I never feared death again after that first battle. It had merely been an appetizer. A taste of something I craved for the rest of my life. I had tasted it, laughed in its face, and walked away the victor.

And so I won. Again. And again. And again.

Because I could. Because I refused to be anything less than what I was born to be—a victor!

But... this?

This small, trembling woman pressed against me, seeking comfort where others had only ever sought mercy. This wasn't a battle. Not a war. Not a test of strength or a game where the victor walked away and the weak perished.

Roweena was not an enemy to be conquered. And yet, as she clung to me in the storm-tossed cabin, I felt something I had not felt since that first battle. Something I had long since thought dead.

Not fear. No, never that.

But the unmistakable knowledge that something inside me was shifting. Changing. And I asked myself if I would walk away the victor this time.

Because this was different. She was different.

Vaelora had never feared anything. She had been brought into existence as a goddess, untouched by a mortal's weakness, unshaken by the weight that mortals carried every day. She had never trembled in fear beneath my hands, never gasped for breath, never sought comfort in another's presence—not even mine.

But Roweena did. And against all reason, I found that I did not mind. More so, against all logic, against the very core of who I was, I felt the need to soothe her.

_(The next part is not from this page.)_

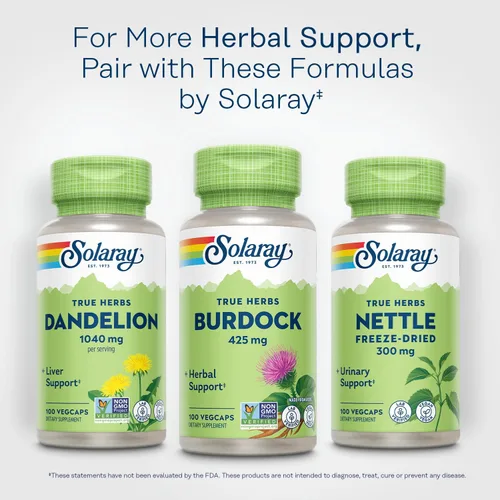 Vista 6 de SOLARAY Raíz de bardana 425 mg – Hígado saludable, riñón, digestión, circulación, articulaciones y piel – Actividad antioxidante – Sin OMG – 100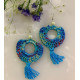 Fancy Blue Crochet Handmade Earrings, Lightweight Boho Earrings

The ship pitched again, and she lost her grip, her balance stolen by the violent motion of the sea. Before she could hit the floor, I caught her. She crashed against me, her breath warm against my chest, her fingers fisted in my tunic. She was small, so small, fragile in a way so different from Vaelora, even though their bodies were the same. I expected her to pull away—to recoil, to curse me, to shove at my chest in another feeble attempt to defy me, but she didn't.

Instead, she clung to me.

Her forehead pressed against my collarbone, her body shook harder with every passing minute, and her breath was shallow and ragged. I shouldn't have felt anything—I was not a man. I was a god, a being forged for war, for destruction, for conquest. My purpose had never been to soothe, to comfort, to protect.

And yet, I tightened my hold.

"Easy," I murmured, a foreign word on my tongue. "You're safe."

She let out a shaky breath, but there was no relief in it. She was still fearful, like a rabbit facing a jackal.

Another violent jolt sent us rocking sideways, and I turned, bringing her fully into my arms, pressing her against me as the ship fought against the storm's wrath. She trembled, and her hands still gripped my tunic as if letting go would send her into the abyss.

"I hate this," she whispered, her voice so small, so unlike the woman who had challenged me at every turn.

I didn't know how to respond. Storms reminded me of battle, they were a raw, unrelenting power—something to be endured, something to be respected, but never feared.

But she wasn't a warrior. Or a goddess. Not now.

So I lowered my head, my lips near her temple. "No harm will come to you."

Her breath hitched.

"I swear it to you."

I felt it, the way her body stiffened for a fraction of a second before some of the tension melted away. Her fingers slowly unclenched from my tunic, resting against my chest now.

For the second time, I thought that Vaelora would never have done this. Vaelora had been a force of nature, distant, untouchable, immortal. She never wavered.

Roweena was a storm of a different kind—not violent and commanding, but wild and human, fragile but unyielding, soft yet unbreakable. A new, foreign emotion twisted inside me. A sensation I didn't have a name for.

It was more than protectiveness. It was a need to shield her, to keep her, to possess her in a way that went beyond body and claim.